A easy computation gives us the following identity that suggests a method for computing the variance in a single pass, by simply accumulating the sums of \(x_i\) and \(x_i^2\):

s^2 = \frac{\sum_{i=1}^N (x_i^2 – 2\bar{x}x_i + \bar{x}^2)}{N-1}
= \frac{\sum x_i^2 – 2 N \bar{x}^2 + N \bar{x}^2}{N-1}
= \frac{\sum x_i^2 – N \bar{x}^2}{N-1}

Pseudocode for a one-pass variance computation could then look like:

  sum := 0
  sumsq := 0
  for x in samples:
    sum := sum + x
    sumsq := sumsq + x**2
  mean := sum/N 
  return (sumsq - N*mean**2)/(N-1)

Now that you’ve seen it, do not use this method to compute variance ever. This is one of those cases where a mathematically simple approach turns out to give wrong results for being numerically unstable. In simple cases the algorithm will seem to work fine, but eventually you will find a dataset that exposes the problem with the algorithm. If the variance is small compared to the square of the mean, and computing the difference leads catastrophic cancellation where significant leading digits are eliminated and the result has a large relative error. In fact, you may even compute a negative variance, which is mathematically impossible.

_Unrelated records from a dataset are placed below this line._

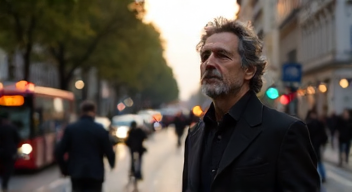 Gesellschaftliche Reflexionen eines Sängers über Mobilität (9/10)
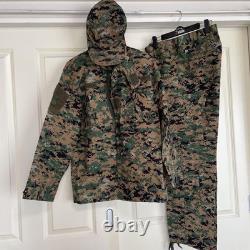 Camouflage Set, Camouflage, China People'S Liberation Army, Hat, 3-Piece Forestr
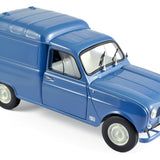 Renault 4 Fourgonnette 1965 Blue 1:18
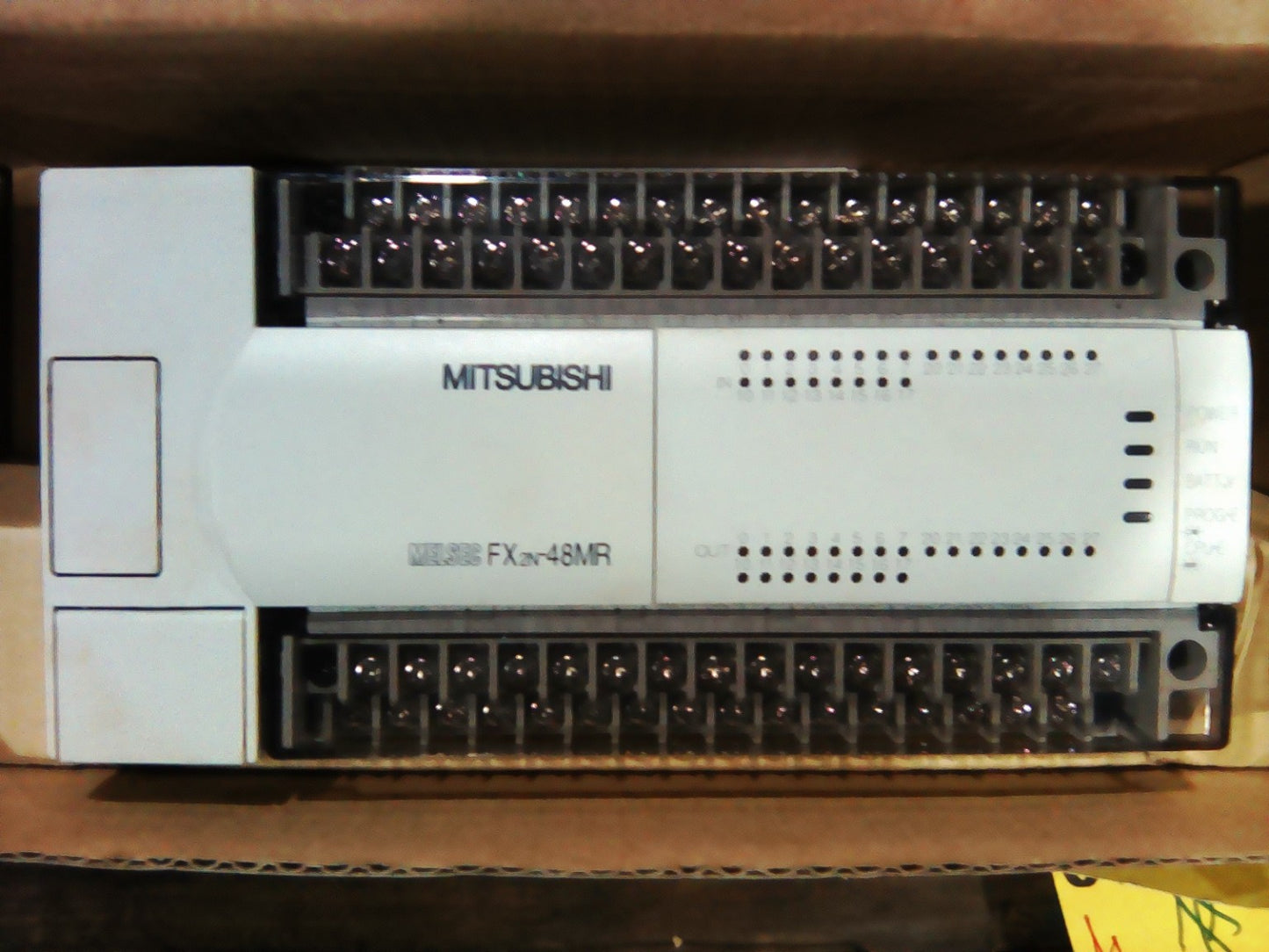 Mitsubishi MELSEC FX2N-48MR-ES/UL PLC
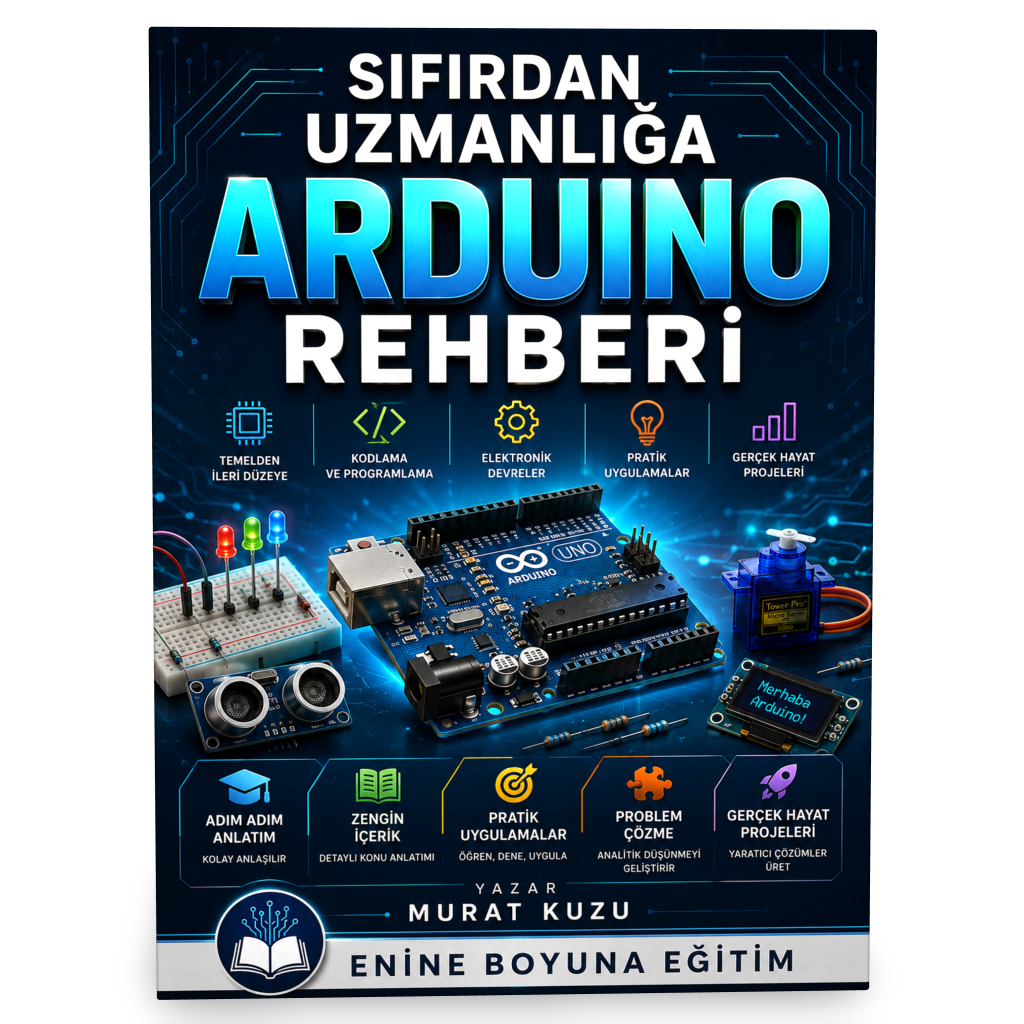 SIFIRDAN UZMANLIĞA ARDUINO AKADEMİSİ EĞİTİM SETİ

Welford’s method is a usable single-pass method for computing the variance. It can be derived by looking at the differences between the sums of squared differences for N and N-1 samples. It’s really surprising how simple the difference turns out to be:
&(N-1)s_N^2 – (N-2)s_{N-1}^2 \\
&= \sum_{i=1}^N (x_i-\bar{x}_N)^2-\sum_{i=1}^{N-1} (x_i-\bar{x}_{N-1})^2 \\
&= (x_N-\bar{x}_N)^2 + \sum_{i=1}^{N-1}\left((x_i-\bar{x}_N)^2-(x_i-\bar{x}_{N-1})^2\right) \\
&= (x_N-\bar{x}_N)^2 + \sum_{i=1}^{N-1}(x_i-\bar{x}_N + x_i-\bar{x}_{N-1})(\bar{x}_{N-1} – \bar{x}_{N}) \\
&= (x_N-\bar{x}_N)^2 + (\bar{x}_N – x_N)(\bar{x}_{N-1} – \bar{x}_{N}) \\
&= (x_N-\bar{x}_N)(x_N-\bar{x}_N – \bar{x}_{N-1} + \bar{x}_{N}) \\
&= (x_N-\bar{x}_N)(x_N – \bar{x}_{N-1}) \\

This means we can compute the variance in a single pass using the following algorithm:

  M := 0
  S := 0
  for k from 1 to N:
    x := samples[k]
    oldM := M
    M := M + (x-M)/k
    S := S + (x-M)*(x-oldM)
  return S/(N-1)

To see that this method does work better than the one derived earlier you can make an experiment, or analyze it theoretically. John D. Cook found the accuracy of this method comparable to the accuracy of the two-pass method derived directly from the definition, while the results from the previous one-pass algorithm were found to be useless as expected.